では、どんな業界でその経験を積みたいのか。就職活動関連の書籍や、就職した先輩の話をもとに参考にしましたが、答えは見つかりませんでした。それなら、さまざまな業界と関わりながら自分の好きな業界を見つければいい。そう思い、国内外のコンサルティングファームやシンクタンクを中心にインターンシップや説明会に参加するようにしていました。どんな仕事がしたいのかが明確だったこともあり、順調に選考が進み、結果的に富士通総研(以下、FRI)をはじめ、3社ほど内定を頂きました。しかし、どの企業が自分にとってベストな選択なのかを決めきれないまま、内定承諾書の提出期限は目前まで迫っていたのです。

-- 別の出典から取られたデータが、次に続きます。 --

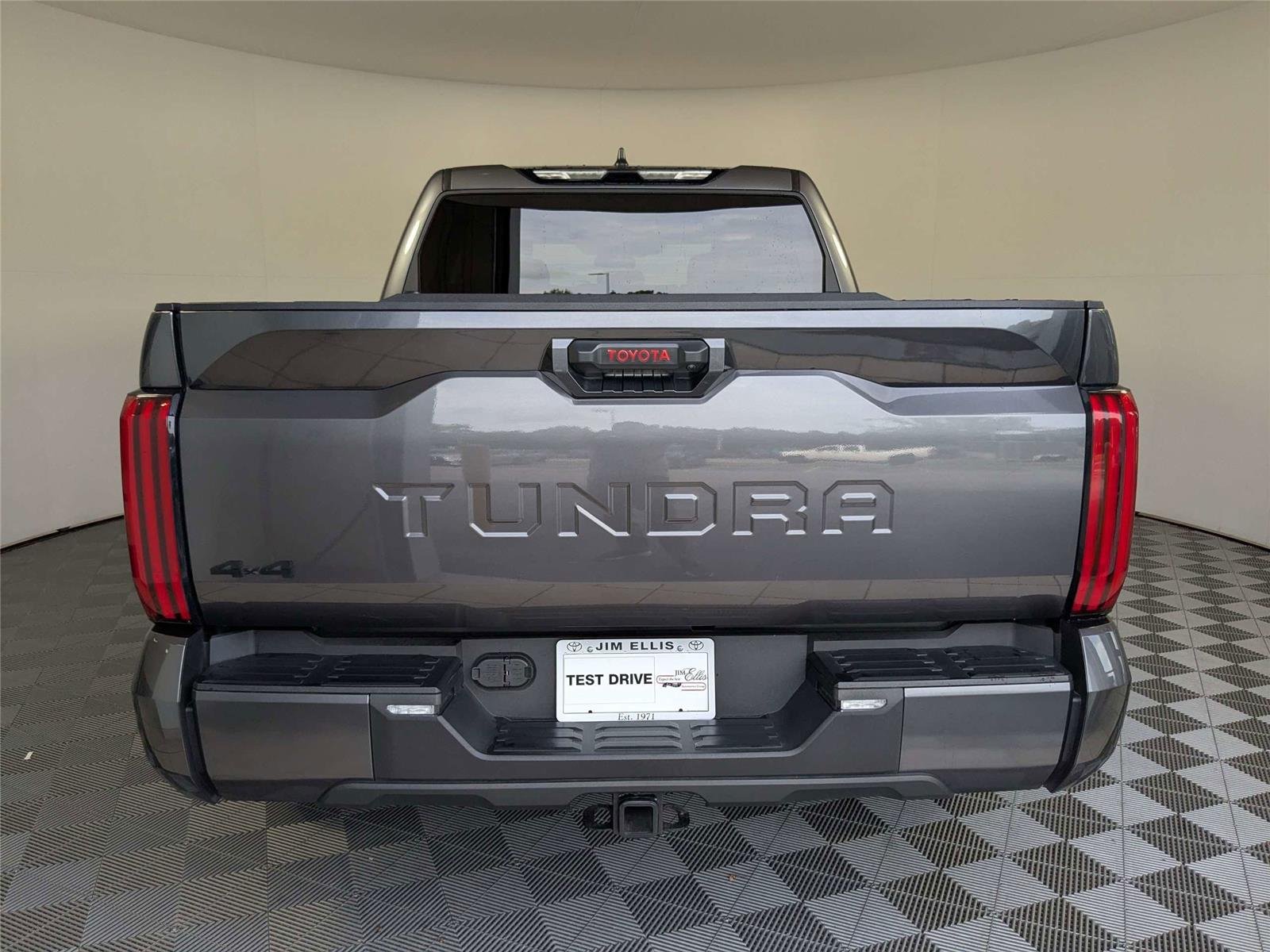 Used 2024 Magnetic Gray Metallic Toyota SR5 image 6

そんなときに開催されたFRIの内定者懇親会での出会いが、入社の決め手となりました。出会ったのは、入社2年目の先輩社員。年齢が近く、入社からわずか1年にも関わらず、大手メディアの画像認識システムの新規開発を任されていました。お客さまへの提案だけではなく、分析や調査まで一貫して携われること、若手のうちから多様な経験が積める環境や画像認識のシステム開発に魅力を感じ、入社を決めたのです。
入社後は、希望していた画像認識プロジェクトに、念願かなって配属が決まりました。動画を配信する際に顔認証の技術を使い、リアルタイムで出演者の名前を表示する仕組みを作りあげることがゴール。出演者一人一人の顔をデータ化し、その膨大なデータをスピーディーに引き出せるシステム基盤を開発しました。学生時代とは違い、想像以上に多いデータを扱うことは非常に難しかったのですが、先輩のサポートもあり、検索性の高い仕組みを完成させることができました。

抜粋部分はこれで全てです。